Work instruction
For the listing below, return the line containing "Men's Scarpa Rush 2 Pro GTX Titanium/Ocean", the line containing "Anillo Loto", and all lines in between, exactly as written and nothing else.

The data
--

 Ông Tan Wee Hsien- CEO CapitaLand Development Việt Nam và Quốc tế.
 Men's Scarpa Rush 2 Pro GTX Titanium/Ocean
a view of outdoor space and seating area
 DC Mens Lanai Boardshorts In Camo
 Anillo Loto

--

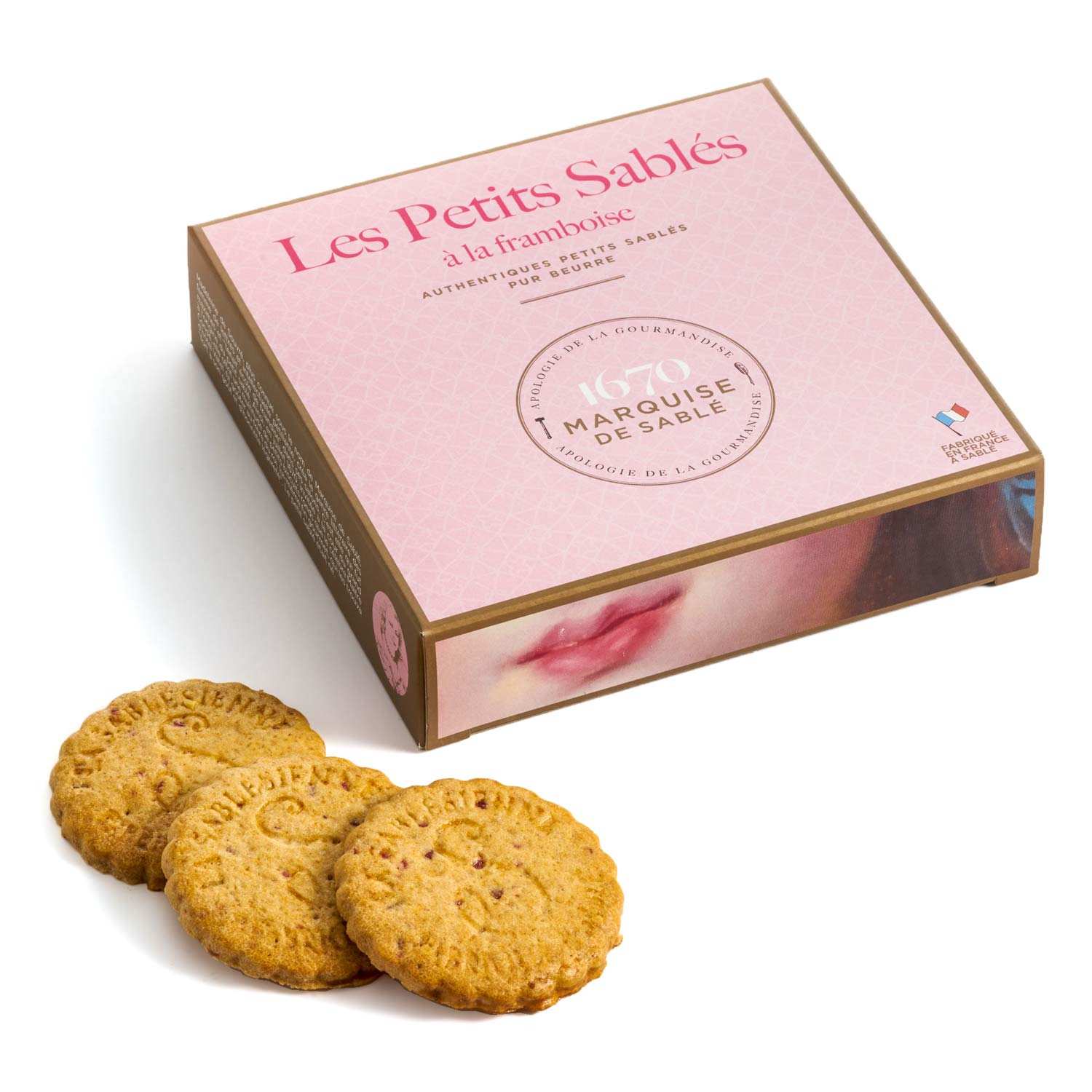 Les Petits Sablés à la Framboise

--

Task output
 Men's Scarpa Rush 2 Pro GTX Titanium/Ocean
a view of outdoor space and seating area
 DC Mens Lanai Boardshorts In Camo
 Anillo Loto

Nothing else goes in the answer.